L'ancien président de la République Jacques Chirac, qui s'est éteint ce jeudi à l'âge de 86 ans, a fait ses premiers pas en politique lors d'un stage à la préfecture de l'Isère en 1957. Une expérience "interminable" racontée avec ironie dans ses Mémoires.
L'histoire se raconte de préfet en préfet à la préfecture de l'Isère. Alors qu'il n'était encore qu'étudiant à l'École nationale d'administration (ENA), Jacques Chirac, président de la République de 1995 à 2007 qui s'est éteint ce jeudi 26 septembre, a fait son premier stage auprès des services de l'Etat à Grenoble en 1957. Le directeur de la prestigieuse école parisienne l'a lui-même affecté dans ce "département de province", raconte Jacques Chirac dans ses Mémoires. Une décision qui ne le ravit pas.
Car ce stage de début de scolarité relèvera plutôt du calvaire que de la révélation pour la vocation politique. "Réfugié dans un bureau exigu, oublié de tous, et surtout de mon préfet, qui ne marque aucun intérêt pour ses stagiaires, j'écoute les informations à la radio, avec l'impression qu'autour de moi tout est en train de s'effondrer", poursuit l'homme d'Etat dans son livre intitulé "Chaque pas doit être un but : Mémoires", faisant le récit de ses "six longs mois (...) caniculaires et fastidieux" à la préfecture de l'Isère.

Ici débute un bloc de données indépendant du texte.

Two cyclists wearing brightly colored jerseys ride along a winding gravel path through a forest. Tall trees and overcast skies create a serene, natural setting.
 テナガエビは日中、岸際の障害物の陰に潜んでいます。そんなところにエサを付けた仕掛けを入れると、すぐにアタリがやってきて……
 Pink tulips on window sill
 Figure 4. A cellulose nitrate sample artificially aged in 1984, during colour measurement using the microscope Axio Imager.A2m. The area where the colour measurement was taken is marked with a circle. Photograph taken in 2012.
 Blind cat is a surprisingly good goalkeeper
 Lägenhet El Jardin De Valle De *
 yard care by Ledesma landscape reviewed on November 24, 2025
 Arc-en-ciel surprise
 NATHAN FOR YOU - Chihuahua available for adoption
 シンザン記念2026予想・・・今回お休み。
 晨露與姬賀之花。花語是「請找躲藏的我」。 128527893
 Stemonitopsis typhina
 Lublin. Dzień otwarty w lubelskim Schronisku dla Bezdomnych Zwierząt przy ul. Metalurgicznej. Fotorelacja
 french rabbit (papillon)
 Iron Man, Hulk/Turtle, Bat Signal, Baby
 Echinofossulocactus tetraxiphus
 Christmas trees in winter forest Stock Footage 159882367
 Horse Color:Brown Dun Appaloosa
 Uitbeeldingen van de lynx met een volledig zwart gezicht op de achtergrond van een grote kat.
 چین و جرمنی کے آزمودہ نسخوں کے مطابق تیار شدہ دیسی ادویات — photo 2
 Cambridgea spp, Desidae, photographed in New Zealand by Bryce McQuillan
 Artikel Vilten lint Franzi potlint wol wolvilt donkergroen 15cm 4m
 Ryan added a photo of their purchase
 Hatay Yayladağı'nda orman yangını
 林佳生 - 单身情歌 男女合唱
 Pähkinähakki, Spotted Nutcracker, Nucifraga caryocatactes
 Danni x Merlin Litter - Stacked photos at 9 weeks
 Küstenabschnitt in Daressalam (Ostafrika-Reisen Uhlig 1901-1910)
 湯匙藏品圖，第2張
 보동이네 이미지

Au sein du cabinet du préfet, il est accueilli par Marcel Abel surnommé "Bibise" "à cause de ses embrassades chaleureuses qu'il prodigue à tout va". Jacques Chirac, à l'époque âgé de 25 ans, se rappelle que dès son arrivée, cet ancien Résistant lui déclarait : "Moi qui vous parle, j'ai fait une carrière brillante. Eh bien ! je ne doute pas que vous fassiez la même. A une condition, c'est que, comme moi, et tout de suite, et, comme je l'ai fait, vous commenciez par accepter les tâches les plus modestes."
C'est ainsi que le futur président de la République s'est retrouvé à porter des plis à leurs destinataires administratifs : direction de la voirie de l'agriculture, des anciens combattants... "Ma vocation de facteur administratif a très vite tourné court", plaisante-t-il dans ses Mémoires, se rappelant que "l'huissier (...) s'acquittait de cette tâche au moins aussi bien que (lui)".
"Initiation aux questions agricoles"
De cet "interminable" stage grenoblois, Jacques Chirac retire surtout sa "toute première initiation aux questions agricoles". Le président qui aimait caresser "le cul des vaches" s'est lié d'amitié avec l'un des dirigeants syndicaux du département, Fréjus Michon, et se rappelle "son sens du réel, sa solidarité de raisonnement". Autant de qualités qui ont aidé le jeune Chirac à supporter "la moiteur grenobloise et l'abandon résolu où (le) tient l'administration préfectorale".
Point d'orgue de cette expérience, le futur énarque rédige son rapport de stage portant sur "le développement économique de l'Isère alpine". Un sujet qui "ne suscite en (lui) aucun émerveillement particulier", confesse-t-il. "Formés par la montagne, les habitants de l’Isère, dans leurs éléments autochtones (85%) se caractérisent par une puissance de travail, une opiniâtreté dans la réalisation des buts poursuivis, une ténacité frisant parfois l’entêtement", raconte le futur président dans son rapport de stage, cité par L'Alpe.com.
Un document d'une cinquantaine de pages, précieusement conservé aux archives départementales de l'Isère, qui commence par une citation du géographe Raoul Blanchard et regorge de données chiffrées sur l’Isère des années 1950, rapportent nos confrères. Mais son rapport de stage lui vaudra la pire note de sa promotion, le menant à une profonde remise en question de son orientation, "découragé par l'expérience (qu'il) vient de vivre".
A nouveau, il ne songe plus qu'à se réengager dans l'armée, rapporte Franz-Olivier Gizebert dans son ouvrage "Chirac, une vie", qualifiant cette expérience iséroise de "supplice bureaucratique". "Mais la direction de l'ENA ne veut toujours rien entendre, relate le journaliste. Alors, va pour l'ENA." Fraîchement diplômé de l'école parisienne, Jacques Chirac se lance finalement dans la politique au côté de Georges Pompidou, dont il devient le bras armé. En 1967, il est élu député en Corrèze, preuve que son stage à la préfecture de l'Isère ne l'a pas complètement découragé de se lancer dans la politique, jusqu'à son ascension à l'Elysée une trentaine d'années plus tard.